Short web captions:
----

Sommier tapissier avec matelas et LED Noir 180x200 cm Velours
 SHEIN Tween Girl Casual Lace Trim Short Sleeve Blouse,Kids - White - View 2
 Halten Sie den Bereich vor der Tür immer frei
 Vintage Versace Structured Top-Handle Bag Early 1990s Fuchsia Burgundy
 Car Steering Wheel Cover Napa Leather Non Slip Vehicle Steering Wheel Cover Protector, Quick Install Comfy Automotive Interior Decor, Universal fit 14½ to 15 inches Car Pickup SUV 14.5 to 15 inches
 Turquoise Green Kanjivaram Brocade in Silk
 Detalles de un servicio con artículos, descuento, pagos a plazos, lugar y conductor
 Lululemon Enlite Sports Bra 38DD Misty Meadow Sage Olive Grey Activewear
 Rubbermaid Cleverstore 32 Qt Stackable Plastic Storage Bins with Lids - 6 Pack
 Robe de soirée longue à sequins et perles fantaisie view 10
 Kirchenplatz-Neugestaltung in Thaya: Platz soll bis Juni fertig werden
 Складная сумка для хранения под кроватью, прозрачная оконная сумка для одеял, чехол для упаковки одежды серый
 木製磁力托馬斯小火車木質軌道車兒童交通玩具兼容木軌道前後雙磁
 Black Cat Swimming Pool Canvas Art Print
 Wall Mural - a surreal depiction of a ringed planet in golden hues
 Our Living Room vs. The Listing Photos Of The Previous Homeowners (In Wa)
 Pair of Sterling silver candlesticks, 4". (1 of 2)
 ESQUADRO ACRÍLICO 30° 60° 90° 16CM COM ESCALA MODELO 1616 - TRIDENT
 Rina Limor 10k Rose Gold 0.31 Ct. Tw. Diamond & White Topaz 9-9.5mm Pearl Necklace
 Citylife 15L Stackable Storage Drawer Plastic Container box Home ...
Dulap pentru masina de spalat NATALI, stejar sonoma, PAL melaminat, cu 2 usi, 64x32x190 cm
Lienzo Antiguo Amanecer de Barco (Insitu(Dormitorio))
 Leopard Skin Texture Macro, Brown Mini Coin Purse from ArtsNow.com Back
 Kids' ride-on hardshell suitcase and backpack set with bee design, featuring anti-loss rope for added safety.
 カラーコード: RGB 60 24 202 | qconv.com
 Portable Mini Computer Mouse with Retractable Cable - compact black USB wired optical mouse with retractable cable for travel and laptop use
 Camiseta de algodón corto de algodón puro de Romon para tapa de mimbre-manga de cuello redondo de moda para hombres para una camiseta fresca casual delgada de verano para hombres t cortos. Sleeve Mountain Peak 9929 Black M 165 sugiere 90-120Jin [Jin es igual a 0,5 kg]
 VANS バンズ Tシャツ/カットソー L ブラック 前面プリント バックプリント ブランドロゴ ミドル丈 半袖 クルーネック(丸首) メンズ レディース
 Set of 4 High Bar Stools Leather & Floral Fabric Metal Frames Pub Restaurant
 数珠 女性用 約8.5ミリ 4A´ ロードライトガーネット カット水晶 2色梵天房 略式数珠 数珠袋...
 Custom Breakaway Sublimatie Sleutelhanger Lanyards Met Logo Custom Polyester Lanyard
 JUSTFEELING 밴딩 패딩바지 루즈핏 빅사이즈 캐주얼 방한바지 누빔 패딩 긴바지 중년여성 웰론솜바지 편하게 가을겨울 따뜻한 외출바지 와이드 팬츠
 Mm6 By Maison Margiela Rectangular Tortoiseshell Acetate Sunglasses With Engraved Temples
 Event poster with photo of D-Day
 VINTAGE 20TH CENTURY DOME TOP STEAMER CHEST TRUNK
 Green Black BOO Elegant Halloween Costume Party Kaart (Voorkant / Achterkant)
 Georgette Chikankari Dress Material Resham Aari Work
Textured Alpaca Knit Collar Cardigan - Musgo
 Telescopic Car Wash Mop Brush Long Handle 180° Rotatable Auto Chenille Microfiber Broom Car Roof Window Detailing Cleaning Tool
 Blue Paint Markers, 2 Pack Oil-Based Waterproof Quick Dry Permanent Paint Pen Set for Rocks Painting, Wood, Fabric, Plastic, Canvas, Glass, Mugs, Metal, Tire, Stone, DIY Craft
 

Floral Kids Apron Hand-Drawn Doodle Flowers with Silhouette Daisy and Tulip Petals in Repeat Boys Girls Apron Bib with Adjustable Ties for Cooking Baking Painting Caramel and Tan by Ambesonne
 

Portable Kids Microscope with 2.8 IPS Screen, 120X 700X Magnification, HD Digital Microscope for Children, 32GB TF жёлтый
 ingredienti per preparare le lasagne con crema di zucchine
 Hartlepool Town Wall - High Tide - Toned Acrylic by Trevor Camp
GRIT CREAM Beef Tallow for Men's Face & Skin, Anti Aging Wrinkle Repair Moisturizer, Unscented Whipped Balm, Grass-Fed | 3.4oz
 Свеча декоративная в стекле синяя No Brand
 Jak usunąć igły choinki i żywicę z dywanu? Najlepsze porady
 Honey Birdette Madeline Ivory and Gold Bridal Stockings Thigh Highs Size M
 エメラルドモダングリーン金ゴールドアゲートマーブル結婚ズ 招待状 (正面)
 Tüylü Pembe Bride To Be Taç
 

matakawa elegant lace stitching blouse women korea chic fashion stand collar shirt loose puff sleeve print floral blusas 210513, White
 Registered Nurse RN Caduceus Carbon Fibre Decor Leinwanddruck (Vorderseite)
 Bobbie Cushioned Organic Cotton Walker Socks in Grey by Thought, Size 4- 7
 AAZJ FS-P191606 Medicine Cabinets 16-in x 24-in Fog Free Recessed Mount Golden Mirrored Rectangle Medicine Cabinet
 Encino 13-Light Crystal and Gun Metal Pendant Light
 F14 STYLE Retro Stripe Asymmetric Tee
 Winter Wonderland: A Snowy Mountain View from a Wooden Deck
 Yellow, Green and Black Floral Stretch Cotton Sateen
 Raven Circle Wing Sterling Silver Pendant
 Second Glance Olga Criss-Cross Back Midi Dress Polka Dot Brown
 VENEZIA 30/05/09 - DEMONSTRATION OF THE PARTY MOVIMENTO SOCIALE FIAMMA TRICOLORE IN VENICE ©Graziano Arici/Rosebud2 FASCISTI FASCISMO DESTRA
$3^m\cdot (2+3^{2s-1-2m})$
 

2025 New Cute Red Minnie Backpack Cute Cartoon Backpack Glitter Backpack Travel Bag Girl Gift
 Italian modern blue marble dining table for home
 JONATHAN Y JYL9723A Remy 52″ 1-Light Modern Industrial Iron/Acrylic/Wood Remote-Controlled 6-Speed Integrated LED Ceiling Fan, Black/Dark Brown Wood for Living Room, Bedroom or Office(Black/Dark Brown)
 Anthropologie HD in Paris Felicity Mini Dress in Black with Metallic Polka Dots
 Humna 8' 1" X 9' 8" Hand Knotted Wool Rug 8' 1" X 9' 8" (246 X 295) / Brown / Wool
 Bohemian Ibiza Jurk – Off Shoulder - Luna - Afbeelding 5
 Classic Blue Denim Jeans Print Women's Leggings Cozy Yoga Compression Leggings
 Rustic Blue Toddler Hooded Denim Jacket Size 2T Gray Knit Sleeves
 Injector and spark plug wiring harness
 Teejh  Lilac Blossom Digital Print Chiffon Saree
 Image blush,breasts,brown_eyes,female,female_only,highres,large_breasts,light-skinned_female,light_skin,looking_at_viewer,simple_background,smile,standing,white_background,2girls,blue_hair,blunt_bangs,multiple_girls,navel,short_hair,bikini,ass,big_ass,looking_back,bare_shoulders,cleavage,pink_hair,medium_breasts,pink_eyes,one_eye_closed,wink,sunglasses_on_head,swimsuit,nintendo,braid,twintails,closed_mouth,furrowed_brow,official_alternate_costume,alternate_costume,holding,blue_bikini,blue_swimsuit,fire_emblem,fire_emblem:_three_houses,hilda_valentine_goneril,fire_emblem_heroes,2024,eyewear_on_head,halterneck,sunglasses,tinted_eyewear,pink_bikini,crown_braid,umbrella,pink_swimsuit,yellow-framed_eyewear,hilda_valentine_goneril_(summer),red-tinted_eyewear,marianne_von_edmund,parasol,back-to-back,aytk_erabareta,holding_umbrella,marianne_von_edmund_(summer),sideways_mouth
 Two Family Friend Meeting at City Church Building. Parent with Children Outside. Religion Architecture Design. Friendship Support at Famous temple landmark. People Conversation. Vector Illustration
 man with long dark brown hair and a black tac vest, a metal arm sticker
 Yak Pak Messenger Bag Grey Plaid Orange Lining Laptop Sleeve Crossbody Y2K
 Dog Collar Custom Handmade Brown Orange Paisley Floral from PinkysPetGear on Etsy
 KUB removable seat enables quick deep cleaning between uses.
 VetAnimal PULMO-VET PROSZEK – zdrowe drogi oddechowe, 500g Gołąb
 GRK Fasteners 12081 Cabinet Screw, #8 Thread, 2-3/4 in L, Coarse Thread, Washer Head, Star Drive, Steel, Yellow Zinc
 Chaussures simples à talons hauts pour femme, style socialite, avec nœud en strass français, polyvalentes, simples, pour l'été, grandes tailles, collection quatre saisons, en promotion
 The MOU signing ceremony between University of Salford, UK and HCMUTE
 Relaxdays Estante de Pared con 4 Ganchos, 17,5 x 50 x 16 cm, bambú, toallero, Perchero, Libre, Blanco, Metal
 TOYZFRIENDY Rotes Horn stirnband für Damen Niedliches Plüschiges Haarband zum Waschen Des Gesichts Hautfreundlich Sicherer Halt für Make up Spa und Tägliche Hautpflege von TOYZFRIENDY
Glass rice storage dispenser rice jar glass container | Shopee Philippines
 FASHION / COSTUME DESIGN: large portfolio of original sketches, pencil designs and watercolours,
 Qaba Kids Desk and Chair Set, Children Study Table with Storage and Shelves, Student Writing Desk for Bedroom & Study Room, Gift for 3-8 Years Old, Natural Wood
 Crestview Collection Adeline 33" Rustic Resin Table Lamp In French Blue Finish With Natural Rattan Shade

----

**TASK OBJECTIVE:** The answer is the lines above between the line holding "Kirchenplatz-Neugestaltung in Thaya: Platz" and the line holding "Rina Limor 10k", inclusive, each written out exactly, and no others.

**WORKED SOLUTION:**
 Kirchenplatz-Neugestaltung in Thaya: Platz soll bis Juni fertig werden
 Складная сумка для хранения под кроватью, прозрачная оконная сумка для одеял, чехол для упаковки одежды серый
 木製磁力托馬斯小火車木質軌道車兒童交通玩具兼容木軌道前後雙磁
 Black Cat Swimming Pool Canvas Art Print
 Wall Mural - a surreal depiction of a ringed planet in golden hues
 Our Living Room vs. The Listing Photos Of The Previous Homeowners (In Wa)
 Pair of Sterling silver candlesticks, 4". (1 of 2)
 ESQUADRO ACRÍLICO 30° 60° 90° 16CM COM ESCALA MODELO 1616 - TRIDENT
 Rina Limor 10k Rose Gold 0.31 Ct. Tw. Diamond & White Topaz 9-9.5mm Pearl Necklace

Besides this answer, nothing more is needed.